The main highway leading from Tel Aviv to Jerusalem closed Thursday night and was to remain shut overnight as engineers put the final touches on two new interchanges expected to drastically slash travel time to the capital.
Prime Minister Benjamin Netanyahu opened a new tunnel, calling it “a historic moment for the road to the capital,” noting that this was the best version yet of a road that has served generations of pilgrims for centuries.
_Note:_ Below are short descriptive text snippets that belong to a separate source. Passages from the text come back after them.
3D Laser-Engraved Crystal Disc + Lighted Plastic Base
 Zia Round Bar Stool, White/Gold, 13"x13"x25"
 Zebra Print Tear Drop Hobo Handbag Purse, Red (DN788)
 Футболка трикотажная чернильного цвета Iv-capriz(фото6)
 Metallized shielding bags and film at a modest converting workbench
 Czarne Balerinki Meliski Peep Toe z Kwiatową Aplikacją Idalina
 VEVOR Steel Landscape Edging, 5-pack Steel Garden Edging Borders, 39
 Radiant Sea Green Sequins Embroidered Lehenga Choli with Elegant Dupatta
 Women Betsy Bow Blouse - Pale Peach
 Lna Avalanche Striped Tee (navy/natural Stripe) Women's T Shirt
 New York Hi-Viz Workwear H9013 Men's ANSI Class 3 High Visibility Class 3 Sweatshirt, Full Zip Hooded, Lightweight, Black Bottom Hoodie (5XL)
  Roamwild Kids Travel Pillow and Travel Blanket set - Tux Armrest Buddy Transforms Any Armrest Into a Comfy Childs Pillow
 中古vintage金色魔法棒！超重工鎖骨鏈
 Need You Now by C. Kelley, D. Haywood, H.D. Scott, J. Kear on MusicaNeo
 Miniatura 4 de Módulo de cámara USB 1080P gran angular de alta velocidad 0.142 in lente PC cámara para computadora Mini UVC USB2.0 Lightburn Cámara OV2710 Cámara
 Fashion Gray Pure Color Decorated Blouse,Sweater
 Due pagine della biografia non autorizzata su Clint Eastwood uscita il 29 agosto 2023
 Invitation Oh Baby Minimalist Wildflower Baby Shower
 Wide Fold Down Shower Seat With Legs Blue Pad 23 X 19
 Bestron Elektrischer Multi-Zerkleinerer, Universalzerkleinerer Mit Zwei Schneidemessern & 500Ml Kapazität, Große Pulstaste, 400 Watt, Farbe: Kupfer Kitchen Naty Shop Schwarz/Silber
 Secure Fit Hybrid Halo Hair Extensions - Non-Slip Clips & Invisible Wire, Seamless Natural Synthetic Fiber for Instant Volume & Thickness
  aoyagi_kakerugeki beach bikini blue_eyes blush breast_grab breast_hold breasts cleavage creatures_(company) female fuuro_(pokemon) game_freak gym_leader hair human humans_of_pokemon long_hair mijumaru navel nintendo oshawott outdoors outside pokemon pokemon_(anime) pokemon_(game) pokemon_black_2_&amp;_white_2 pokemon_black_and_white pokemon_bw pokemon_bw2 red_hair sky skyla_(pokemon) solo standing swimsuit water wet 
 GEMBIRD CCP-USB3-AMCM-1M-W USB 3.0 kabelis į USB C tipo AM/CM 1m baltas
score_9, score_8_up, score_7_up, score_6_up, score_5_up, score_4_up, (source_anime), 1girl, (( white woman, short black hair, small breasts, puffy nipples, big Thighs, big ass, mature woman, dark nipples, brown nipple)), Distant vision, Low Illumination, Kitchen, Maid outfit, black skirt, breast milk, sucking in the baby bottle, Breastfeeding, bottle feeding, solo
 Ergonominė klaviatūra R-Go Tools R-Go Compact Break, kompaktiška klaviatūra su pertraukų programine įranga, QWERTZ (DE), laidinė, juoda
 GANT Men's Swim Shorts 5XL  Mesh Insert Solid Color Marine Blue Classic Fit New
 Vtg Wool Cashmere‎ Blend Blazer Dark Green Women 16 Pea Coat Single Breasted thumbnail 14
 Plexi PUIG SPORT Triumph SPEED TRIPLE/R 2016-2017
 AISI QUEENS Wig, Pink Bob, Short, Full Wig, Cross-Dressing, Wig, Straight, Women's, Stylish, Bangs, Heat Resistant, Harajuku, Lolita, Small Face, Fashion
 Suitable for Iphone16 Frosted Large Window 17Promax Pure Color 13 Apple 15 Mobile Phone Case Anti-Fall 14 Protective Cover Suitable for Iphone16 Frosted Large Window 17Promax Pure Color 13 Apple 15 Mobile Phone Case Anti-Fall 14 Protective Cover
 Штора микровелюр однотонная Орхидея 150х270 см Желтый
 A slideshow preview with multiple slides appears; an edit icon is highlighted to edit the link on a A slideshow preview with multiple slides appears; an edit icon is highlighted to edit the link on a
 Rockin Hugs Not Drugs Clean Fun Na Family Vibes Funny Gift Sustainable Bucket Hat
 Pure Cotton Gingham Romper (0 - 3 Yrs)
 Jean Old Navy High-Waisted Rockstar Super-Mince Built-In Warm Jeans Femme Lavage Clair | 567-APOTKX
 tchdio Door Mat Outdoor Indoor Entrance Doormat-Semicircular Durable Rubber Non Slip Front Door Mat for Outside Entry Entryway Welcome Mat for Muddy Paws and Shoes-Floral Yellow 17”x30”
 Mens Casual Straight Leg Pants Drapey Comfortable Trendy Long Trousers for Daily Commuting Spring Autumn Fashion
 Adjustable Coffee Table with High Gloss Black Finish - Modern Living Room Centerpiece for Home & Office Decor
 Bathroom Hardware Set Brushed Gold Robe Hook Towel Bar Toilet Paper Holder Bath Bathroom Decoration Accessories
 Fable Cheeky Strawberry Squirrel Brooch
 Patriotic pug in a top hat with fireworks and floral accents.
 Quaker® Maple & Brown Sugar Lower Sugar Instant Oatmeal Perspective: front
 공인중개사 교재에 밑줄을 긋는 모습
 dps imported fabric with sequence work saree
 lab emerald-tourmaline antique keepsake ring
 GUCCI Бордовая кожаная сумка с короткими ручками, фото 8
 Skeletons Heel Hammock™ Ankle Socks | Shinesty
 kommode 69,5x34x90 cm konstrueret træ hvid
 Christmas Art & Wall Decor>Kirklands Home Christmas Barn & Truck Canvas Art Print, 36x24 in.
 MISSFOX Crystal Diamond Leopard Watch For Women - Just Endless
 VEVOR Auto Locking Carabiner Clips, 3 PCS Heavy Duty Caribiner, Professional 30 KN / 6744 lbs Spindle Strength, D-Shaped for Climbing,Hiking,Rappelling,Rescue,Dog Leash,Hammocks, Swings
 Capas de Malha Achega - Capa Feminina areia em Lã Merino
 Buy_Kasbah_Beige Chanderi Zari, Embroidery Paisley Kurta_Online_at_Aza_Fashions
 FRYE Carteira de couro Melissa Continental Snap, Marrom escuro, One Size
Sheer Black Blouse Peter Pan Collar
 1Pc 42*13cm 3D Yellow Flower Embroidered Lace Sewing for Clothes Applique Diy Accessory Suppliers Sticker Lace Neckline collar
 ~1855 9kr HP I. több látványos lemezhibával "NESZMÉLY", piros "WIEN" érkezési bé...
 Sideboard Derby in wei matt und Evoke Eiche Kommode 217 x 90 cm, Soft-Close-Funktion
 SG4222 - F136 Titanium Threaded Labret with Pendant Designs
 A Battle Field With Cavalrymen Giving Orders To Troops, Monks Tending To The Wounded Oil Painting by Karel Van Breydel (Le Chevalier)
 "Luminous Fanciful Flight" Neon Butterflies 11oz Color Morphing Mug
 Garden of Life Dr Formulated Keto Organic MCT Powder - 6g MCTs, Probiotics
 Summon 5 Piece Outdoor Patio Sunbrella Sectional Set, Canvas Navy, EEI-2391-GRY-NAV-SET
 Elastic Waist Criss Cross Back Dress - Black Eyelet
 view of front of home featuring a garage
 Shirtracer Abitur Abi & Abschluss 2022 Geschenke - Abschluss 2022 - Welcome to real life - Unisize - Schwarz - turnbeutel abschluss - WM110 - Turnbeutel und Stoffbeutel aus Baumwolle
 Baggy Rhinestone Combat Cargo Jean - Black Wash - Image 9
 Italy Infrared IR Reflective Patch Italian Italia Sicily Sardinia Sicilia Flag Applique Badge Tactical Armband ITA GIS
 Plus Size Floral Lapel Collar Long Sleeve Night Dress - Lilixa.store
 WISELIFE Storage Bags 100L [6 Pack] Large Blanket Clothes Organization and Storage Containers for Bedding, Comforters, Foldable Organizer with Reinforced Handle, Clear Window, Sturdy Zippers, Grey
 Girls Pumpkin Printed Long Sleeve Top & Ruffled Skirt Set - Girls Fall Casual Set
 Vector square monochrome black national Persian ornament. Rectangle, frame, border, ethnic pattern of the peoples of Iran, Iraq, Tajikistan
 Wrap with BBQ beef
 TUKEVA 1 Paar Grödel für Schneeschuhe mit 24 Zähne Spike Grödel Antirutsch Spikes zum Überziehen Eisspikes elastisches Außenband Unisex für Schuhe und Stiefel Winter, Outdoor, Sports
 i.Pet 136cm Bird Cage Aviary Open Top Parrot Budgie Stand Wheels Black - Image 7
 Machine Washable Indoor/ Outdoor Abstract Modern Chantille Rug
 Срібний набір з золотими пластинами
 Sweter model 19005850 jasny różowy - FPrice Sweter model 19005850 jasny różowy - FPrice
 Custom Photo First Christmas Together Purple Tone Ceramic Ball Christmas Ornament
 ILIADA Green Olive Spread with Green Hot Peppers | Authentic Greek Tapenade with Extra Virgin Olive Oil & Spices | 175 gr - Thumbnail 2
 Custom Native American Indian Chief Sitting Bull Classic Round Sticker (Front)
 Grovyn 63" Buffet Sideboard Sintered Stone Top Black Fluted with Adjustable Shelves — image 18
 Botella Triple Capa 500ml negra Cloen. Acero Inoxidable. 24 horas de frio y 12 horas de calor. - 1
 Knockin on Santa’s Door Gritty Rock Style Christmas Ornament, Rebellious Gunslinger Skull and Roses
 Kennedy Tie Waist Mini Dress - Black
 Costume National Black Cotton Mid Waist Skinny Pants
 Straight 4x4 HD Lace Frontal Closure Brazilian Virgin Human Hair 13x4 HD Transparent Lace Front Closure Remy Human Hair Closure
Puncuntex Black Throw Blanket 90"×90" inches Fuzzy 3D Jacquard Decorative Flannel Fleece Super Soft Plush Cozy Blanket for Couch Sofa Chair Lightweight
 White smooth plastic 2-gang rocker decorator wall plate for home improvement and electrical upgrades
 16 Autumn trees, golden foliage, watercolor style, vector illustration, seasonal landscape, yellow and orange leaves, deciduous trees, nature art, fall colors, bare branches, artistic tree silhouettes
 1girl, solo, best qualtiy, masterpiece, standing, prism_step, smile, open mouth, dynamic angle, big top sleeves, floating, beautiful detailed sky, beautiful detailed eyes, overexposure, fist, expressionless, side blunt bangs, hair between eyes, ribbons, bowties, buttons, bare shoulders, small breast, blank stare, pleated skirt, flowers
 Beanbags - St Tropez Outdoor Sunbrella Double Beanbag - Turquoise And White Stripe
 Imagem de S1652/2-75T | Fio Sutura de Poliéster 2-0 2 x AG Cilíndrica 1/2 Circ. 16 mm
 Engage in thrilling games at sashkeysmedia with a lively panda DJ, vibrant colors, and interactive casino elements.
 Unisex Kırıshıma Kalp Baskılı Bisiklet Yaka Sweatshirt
“This Harel Tunnel that we are inaugurating, together with a bridge that eliminates the dangerous curve, which they called the curve of death — and with the train that will soon run on these tracks — all these will provide a boost for Jerusalem,” Netanyahu said at a ribbon-cutting ceremony for the new tunnels with Transportation Minister Yisrael Katz.
According to estimates by the Transportation Ministry, the tunnels and bridge are expected to cut travel time from Tel Aviv to Jerusalem to about 30 minutes (from about 50) if there is no traffic congestion.
The Transportation Ministry and the Netivei Israel National Transport Infrastructure Company announced that Route 1 would be shut to traffic from Latrun to Ginot Sakharov in both directions ahead of the re-opening of the Harel Interchange with new tunnels and a new bridge at the Motza Interchange.
Route 1 will reopen to traffic at 10 a.m. Friday.
Drivers who need to get to Jerusalem during those hours are being asked to take Route 443.
The new Harel tunnels, 800 meters in each direction, were built underneath the Jerusalem suburb of Mevasseret Zion to alleviate congestion.
In response to a petition to the High Court by Mevasseret residents to delay the opening of the tunnels — amid concern of reduced access — the deputy CEO of the Engineering and Development Branch of Netivei Israel, Yossi Halevi, said Thursday that once the Harel Interchange is reopened with the new changes, “residents of Mevasseret will celebrate.”
Speaking to Israel Radio, Halevi said that all access to Mevasseret would be maintained and the idea behind the changes was a “balance between flow and access.”